Ce sont les promesses d'avenir du cuivre, plutôt que son présent banal, qui incitent les gestionnaires d'investissement à placer leurs paris. C'est l'élan du marché qui attire toujours plus d'argent spéculatif sur le marché, ce qui alimente encore plus la hausse ardente.

SUPER RALLYE

L'impact des flux de fonds sur la dynamique actuelle des prix peut être un signe avant-coureur.

Citi soutient que le cuivre entre maintenant dans son deuxième méga rallye haussier du siècle après celui des années 2010, lorsque l'industrialisation et l'urbanisation de la Chine ont drainé les stocks et fait grimper le prix au-dessus du niveau de 10 000 dollars pour la première fois de l'histoire.

L'exposition du cuivre aux secteurs de la transition énergétique tels que les véhicules électriques, l'énergie solaire et les réseaux intelligents est bien connue, mais elle a été éclipsée par la faiblesse des secteurs d'utilisation finale plus traditionnels tels que l'immobilier et les produits blancs au cours de l'année écoulée.

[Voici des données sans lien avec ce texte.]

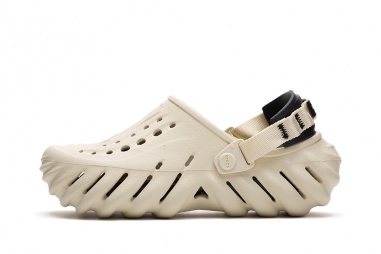 X Echo Clog Bone Black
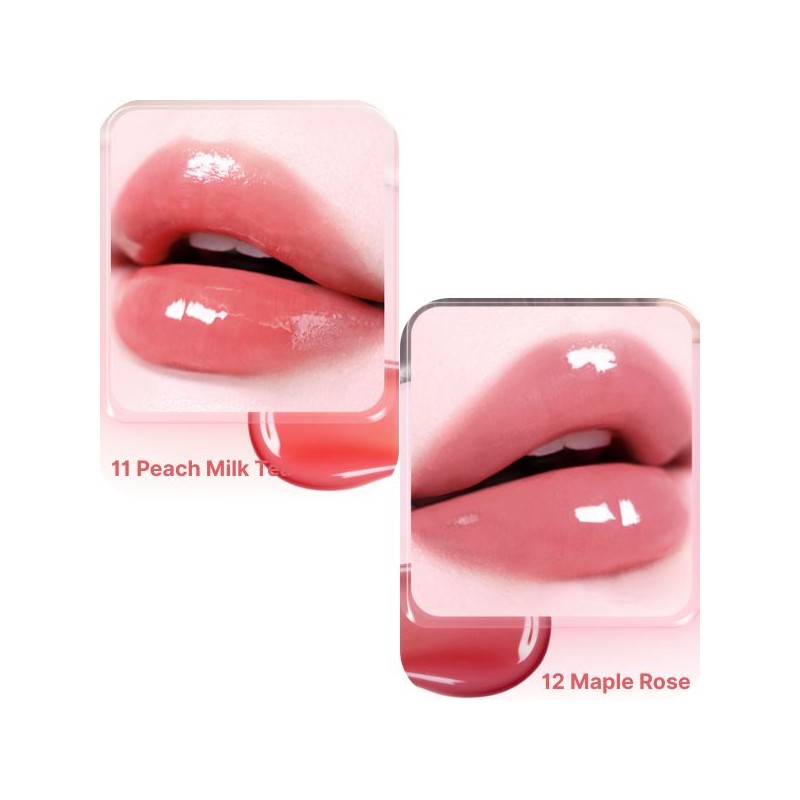 FONDLY Glow Gel Tint 3.5g, Color:13 Newberry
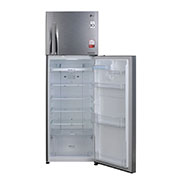 LG 360 Litres Fridge with Smart Inverter Compressor, Multi Air Flow, Auto Smart Connect™, LG GL-M413RLCI  Front View Bottom Open, GL-M413RLCI, thumbnail 5
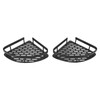 Triangular Shower Shelf Punch Free Rustproof Aluminum Shower Corner Shelf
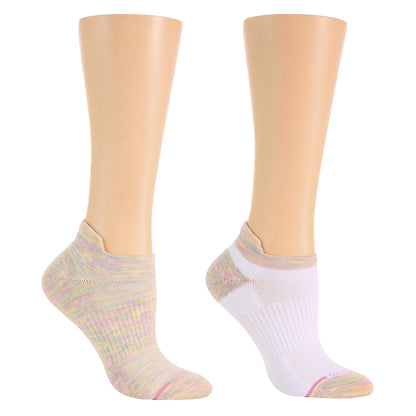 Dr. Motion Best Seller | Spacedye - Ankle Compression Socks For Women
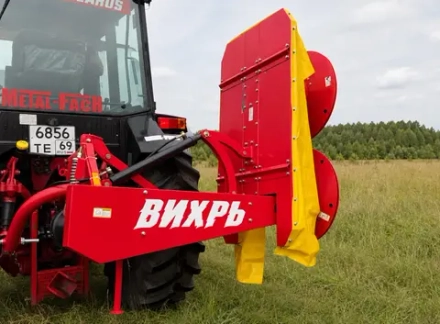 Косилка Metal-Fach барабанная «Вихрь Z-165» с гидравликой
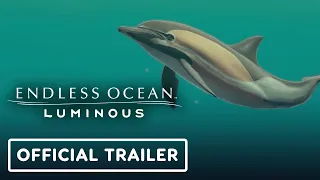 Endless Ocean Luminous - Official Switch Announcement Trailer | Nintendo Direct 2024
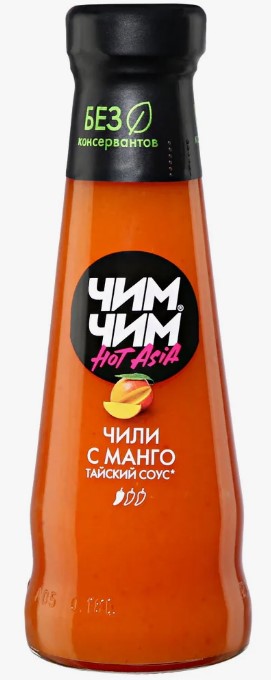 Соус Чили с манго "Чим-Чим" 210г*8шт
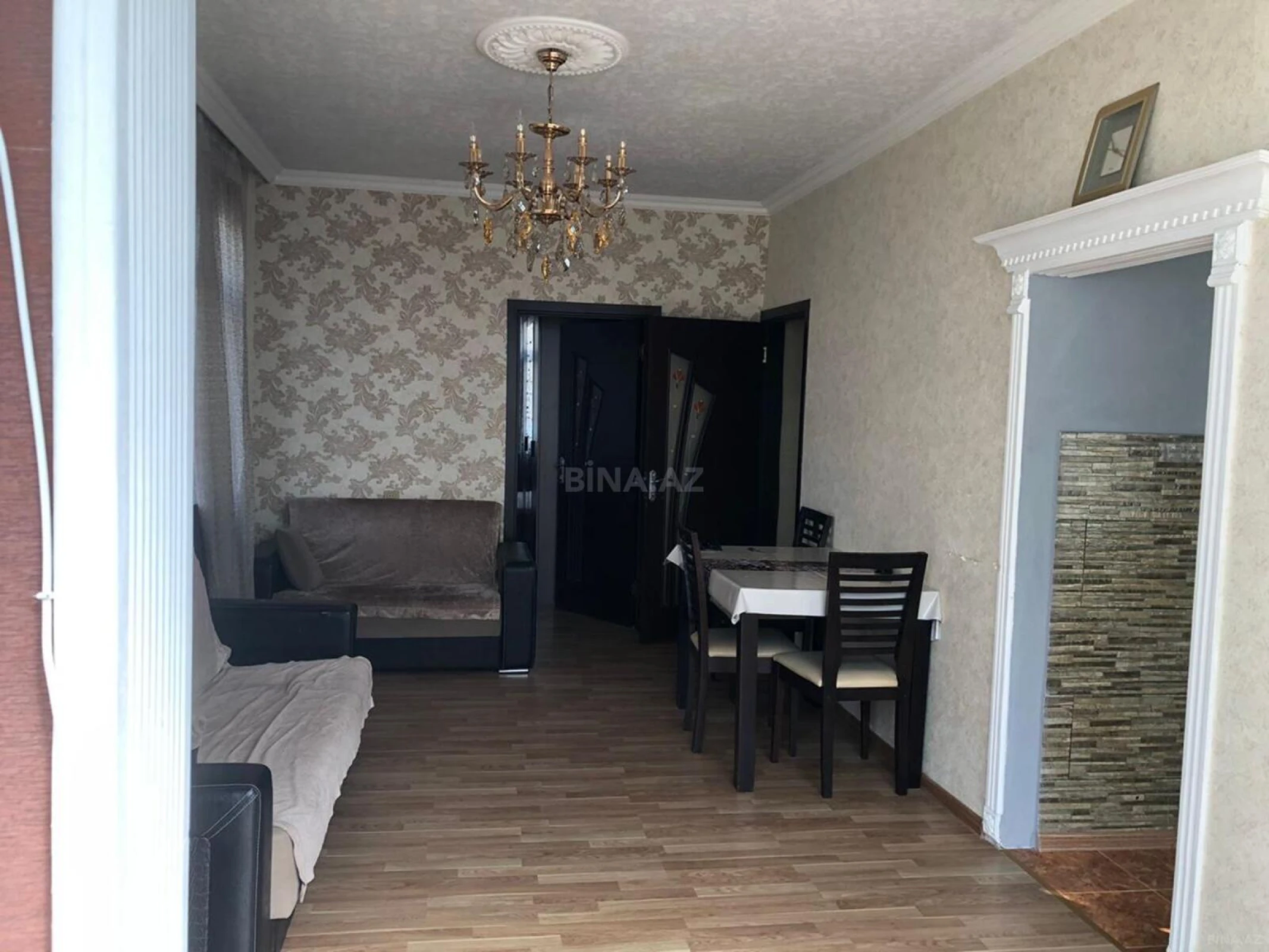 Satılır 2 otaqlı mənzil 55 m²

Une reprise de l'ancien cycle industriel promet une période de croissance soutenue de la demande qui risque de dépasser l'offre, d'épuiser les stocks et d'entraîner le prix vers de nouveaux records.

Les fonds joueront un rôle important dans ce processus, ce qui n'était pas le cas lors du boom du début du siècle. À l'époque, l'activité d'investissement dans le secteur des métaux de base était limitée et la plupart des investisseurs ont rejoint le mouvement haussier des années 2010 au moment où les derniers ordres étaient donnés.

Cette fois-ci, ils mènent la danse et sont susceptibles de devenir un moteur de prix de plus en plus influent au fur et à mesure que la tendance haussière du cuivre se poursuit.

Les opinions exprimées ici sont celles de l'auteur, chroniqueur pour Reuters.